Niki de Saint Phalle (1930-2002) and Jean Tinguely (1925-1991) were one of the most prominent couples in the 20th century art world. Both are best known for their highly unusual sculptures, but they also created masses of posters, paintings, installations and other artworks of all sorts.
When I was in Oldenburg in 2016, I went to an exhibit on their life and work. The exhibit began with their biographies, his on the left, hers on the right and their “joint biography” in the yellow box in the middle, starting when they first met in Paris in 1955. They began “an intensive love-and-work relationship” in 1960 and married in 1971 (the second marriage for both), which had the effect of giving Niki Swiss citizenship, in addition to the French and American citizenship that she already had.
The quotation in this photo reads: “The men in my life, these beasts, were my muses. The suffering and my revenge on them — my art lived off of it for many years.” — Niki de Saint Phalle.
For a long time, I thought “Saint Phalle” was a name she had made up herself, as a provocative pseudonym. But no, it turns out to be a traditional French aristocratic name that can be traced back to the twelfth century. Even earlier, there was an abbot named Phal, later “Saint Phal”, who until his death around 540 or 549 was the abbot at Isle Aumont, in what is now the Aube department in the Grand Est region of France. This Saint Phal is also known as Saint Fidolus or Fidouls, whose Saint’s Day is May 16.
This Phal or Fal or Fidolus or Fidouls was the son of a Roman official who was taken prisoner by the army of King Clovis I and sold into slavery.
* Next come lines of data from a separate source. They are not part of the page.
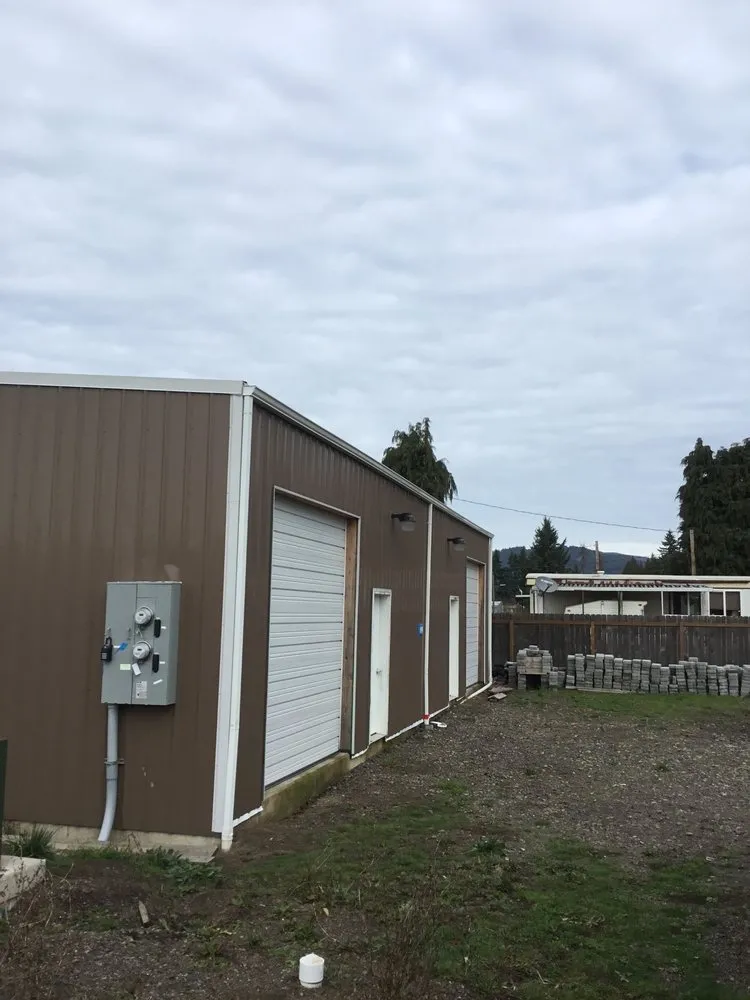 Slide of Eugene Oregon Gutter Service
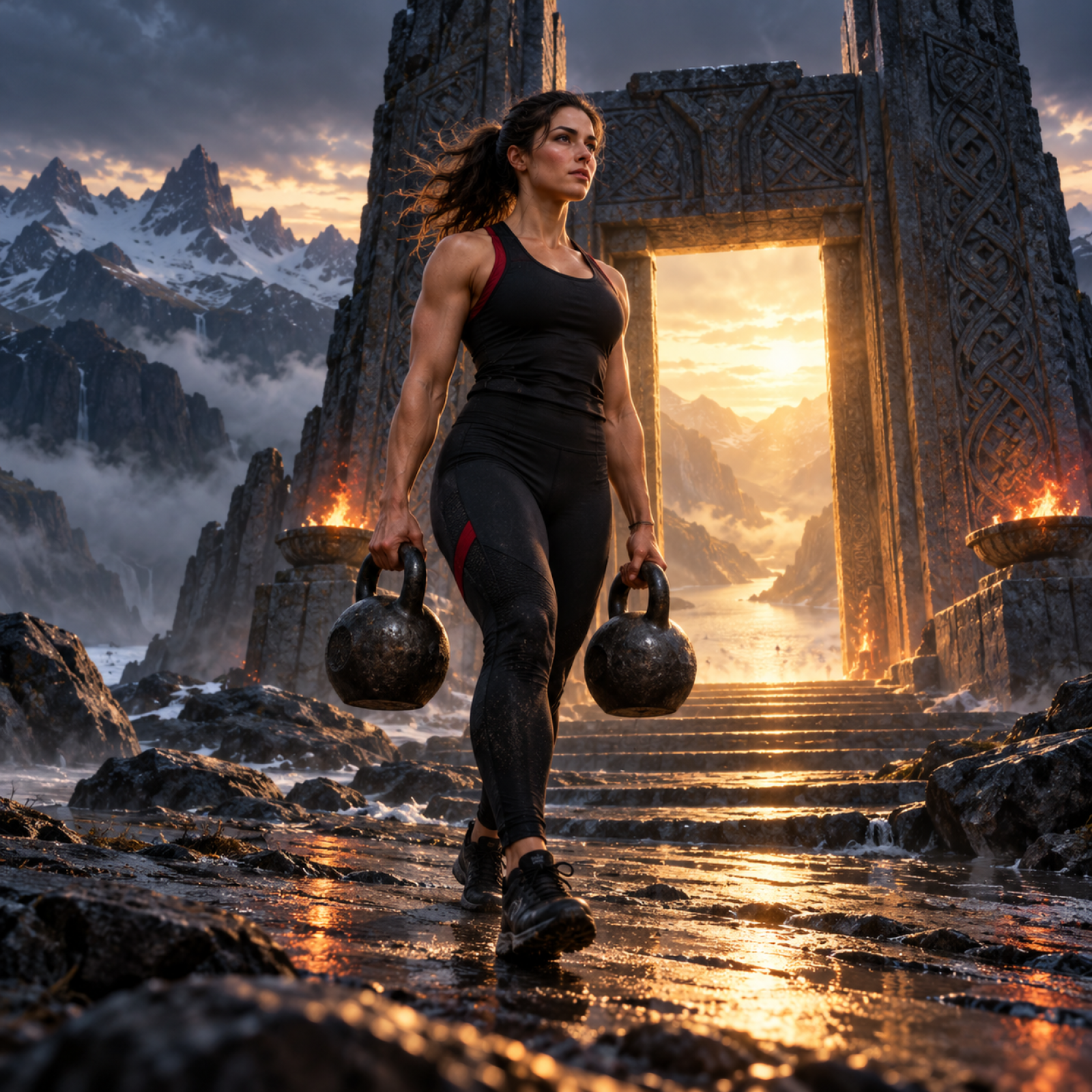 Walhalla Journey bei Core Athletics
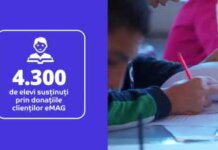 Clienții eMAG considera ca educatia este cel mai important factor care poate contribui la progresul tarii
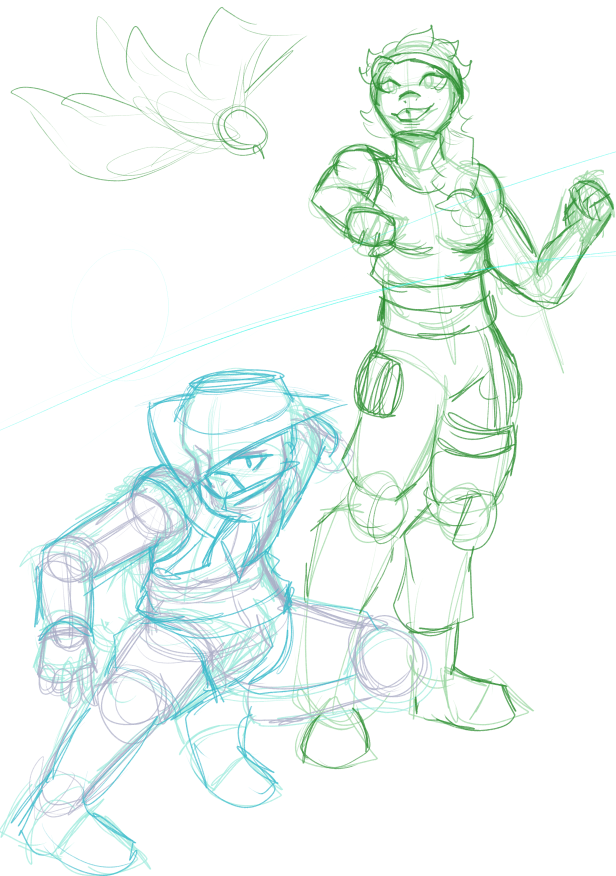 GoatOfClay's tweet photo. some valo sketches ive done recently https://t.co/xCIcHTNs49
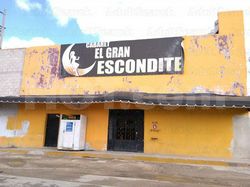 Strip Clubs Merida, Mexico El Gran Escondite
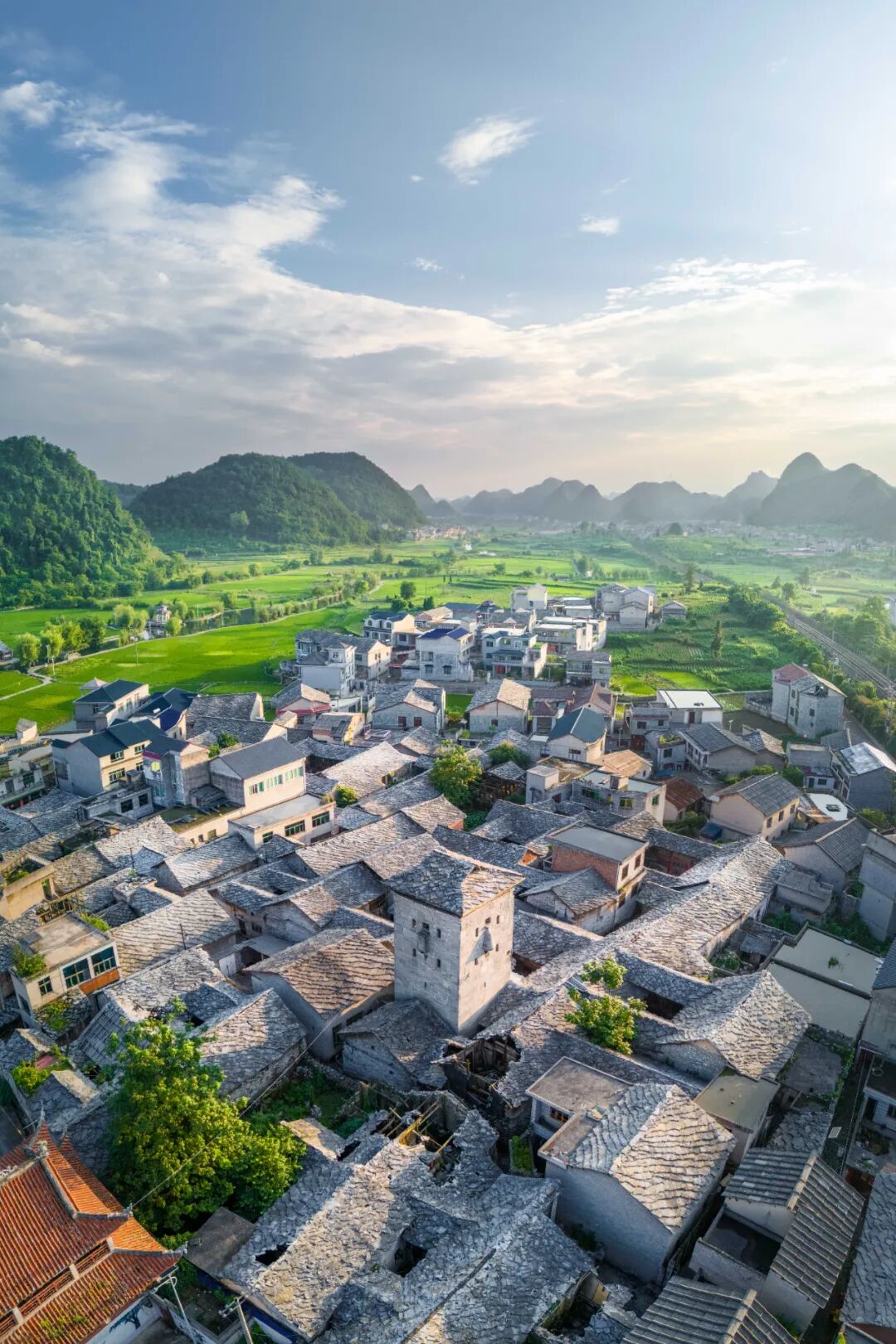 Image related to Building Guizhou! Securing the Southwest! How Epic Is the 600-Year Legacy of Tunpu?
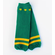 Green and Yellow Leg Warmers Toddler Baby - Sports Colors Football Leg Warmers Kids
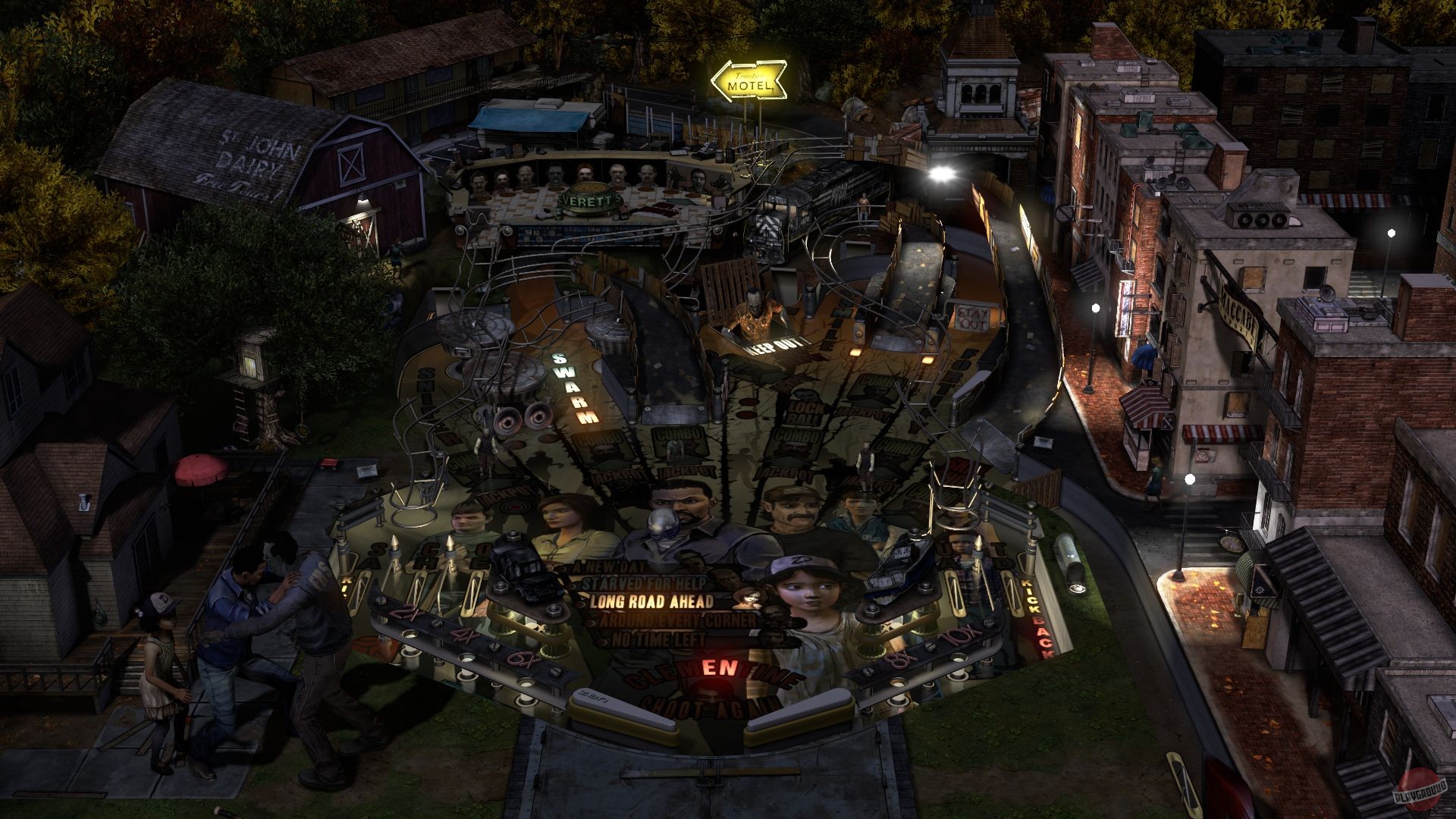 Скриншот из игры Pinball FX3 - 180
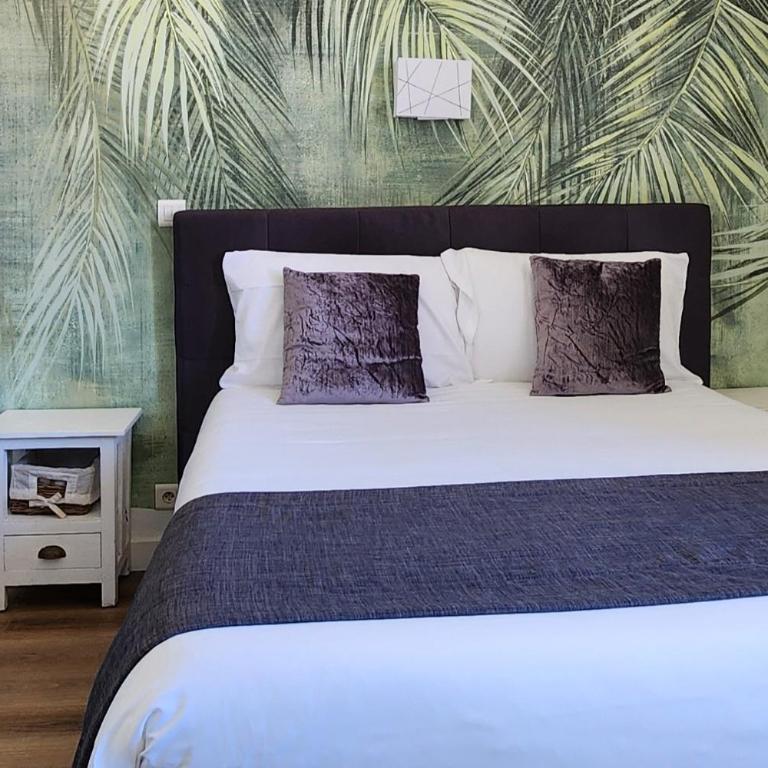 Hôtel Parc Mazon-Biarritz - Chambre Double Standard - 12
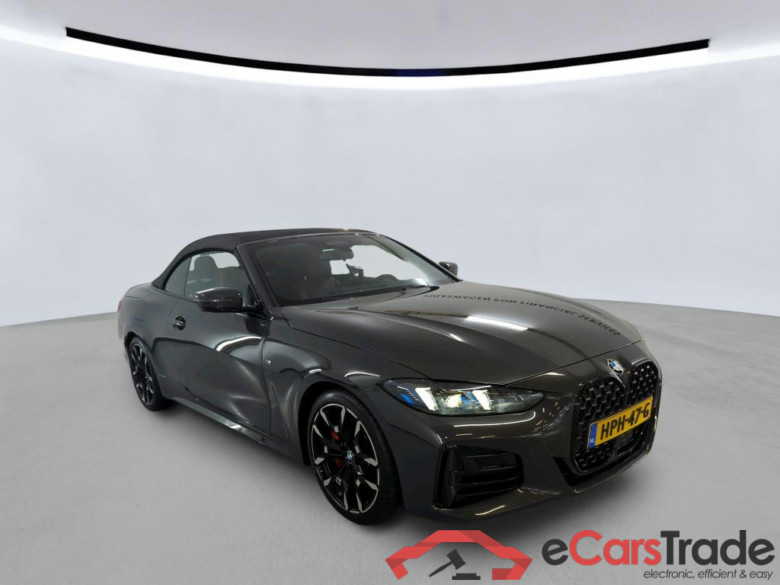 BMW 4-serie Cabrio 135 kW #4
He was ransomed by Aventinus, the abbot of Aumont Abbey, where he became a monk and later the abbot.
14 km southwest of Isle Aumont there is a village called “Saint Phal”, whose knightly ruler starting in 1197 was André de Saint Phal, supposedly one of Niki’s ancestors.
Niki’s father, who (as she later revealed) had abused her for years during her childhood, was a French banker, Count André-Marie Fal de Saint Phalle (1906–1967), and her mother was American.
The Swiss artist Jean Tinguely is best known for his kinetic (moving) sculptures, which are fantastic machines using pieces left over from old discarded machinery. This poster, also by Tinguely, was announcing an exhibit of one of these sculptures, the Meta Maxi Maxi, which is large enough for people to walk through.
In 1975, before the old municipal theater in Basel was demolished, parts of the old stage machinery were salvaged and given to Jean Tinguely, who spent two years recycling the old machinery and making it into an elaborate and entertaining fountain, the Fasnachtbrunnen or Carnival Fountain, on the site of the old theater and right in front of the new one.
(See my post Cycling and re-cycling in Basel.)
The quotation under these four posters reads: “The noise is part of the machine, which I try to include in the design in the same way as the physical form.” — Jean Tinguely.
The exhibition “Niki and Jean” was on display in the Horst-Janssen-Museum in Oldenburg in 2016.
The museum was named after the German artist Horst Janssen (1929-1995) and includes a permanent exhibition of his drawings and other artworks (which I unfortunately didn’t have time to look at when I was there).
My photos in this post are from 2016. I wrote the text in 2021.